Your estimates are an optimistic lower-bound because there is often a requirement to strip overburden to get access to the actual ore. When the ore is in veins or pipe-like intrusions, and is mined with an open pit, the pit has to be widened as it goes deeper to stabilize the walls. Thus, a geometrically increasing volume of rock has to be blasted and removed. The tonnage removed is directly related to the amount of energy expended to obtain the ore. A problem that is usually overlooked is that as the waste rock is broken and removed, it has to be dumped somewhere outside the pit. The volume of the broken rock is greater than the original solid rock. So, a not insignificant amount of land has to be dedicated to the ‘mountain’ of waste rock.
Clyde Spencer,
Nice photo. I like reality and landscapes.

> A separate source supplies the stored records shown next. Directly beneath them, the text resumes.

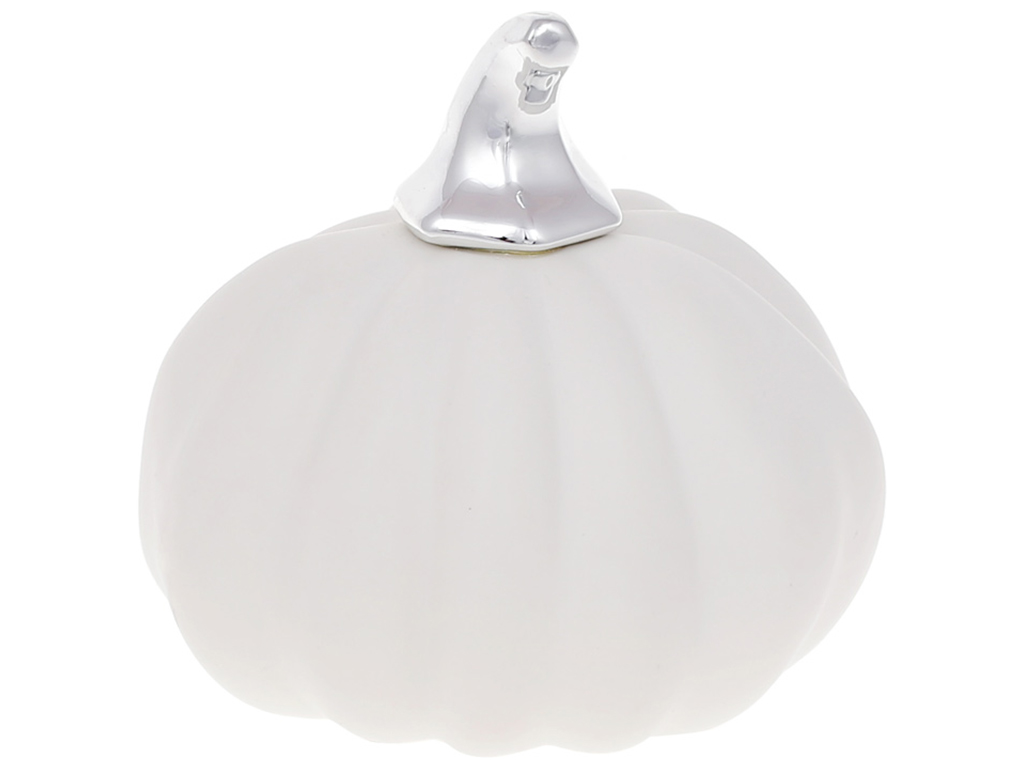 Декор Гарбузик, 9,5см, колір - білий мат зі сріблом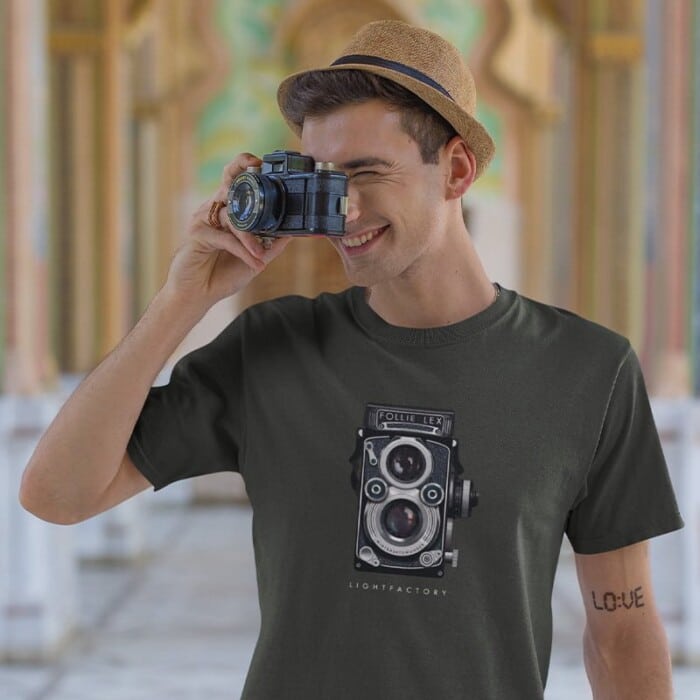 T-Shirt Heren Folierex camera Lichtstadkunst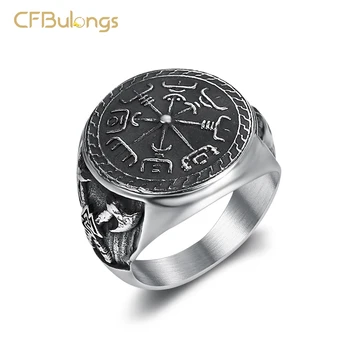 CFBulongs Naujas 316L Nerūdijančio Plieno, Šiaurės Religinių Antspaudas Amuletas Rune Vyrų Žiedas Skandinavijos Simbolį, bižuterijos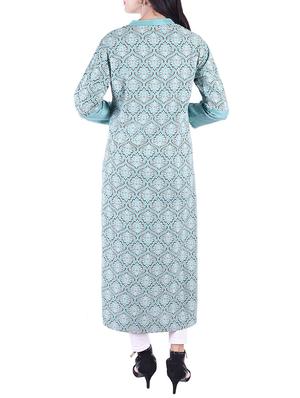 Foil Printed a-line kurta with tassels - 15609236 - Standard Image - 3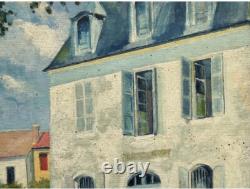 Cityscape Antique France Oil Painting, Landscape Building, House, Road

Bingham Pit? Just a wild guess. Been a long time.
Bill,
Yes, it is Bingham Canyon. What the picture fails to convey, and I was so impressed with when I visited in person, was that I observed the dump trucks, with wheels that are 8 or 10 feet in diameter, appear as small specks on the top of the waste-rock piles, noted primarily by the dust cloud they raise when dumping their loads.
Beyond that, when the mining is done, the crushed rock has to be carted back from wherever it was stored and used to fill in the hole.
Mark,
Holes of this size are rarely back-filled. The energy cost would be so high that companies couldn’t supply the commodity (copper in this case), at costs that consumers could afford, and it would take years to move, and the temporary storage areas wouldn’t look the same as originally anyway.
even weaker is the generating capacity to power all these electric cars needed to start building massive dependable generating plants yesterday
Not just the generating capacity, but the entire electrical grid has to be upgraded in order to move that electricity from plant to home.
Christ Ronald, if you are going to constantly quote the science and the facts this will never get done. We have to lie and cover up the facts if we are going to achieve our utopian (or is it dystopian) dream (or nightmare) and all the mining environmentalists will be losing their minds over over all that environement destroyedd by mining. what about the social impact on the indigenous populations that usually live near these mines? Have you no empathy for them? The green new deal is looking more and more like the brown new deal. You can’t make EV’s with dirty old technology. Oh and where is all this electricity coming from??? Yeah tell it to California and Texas.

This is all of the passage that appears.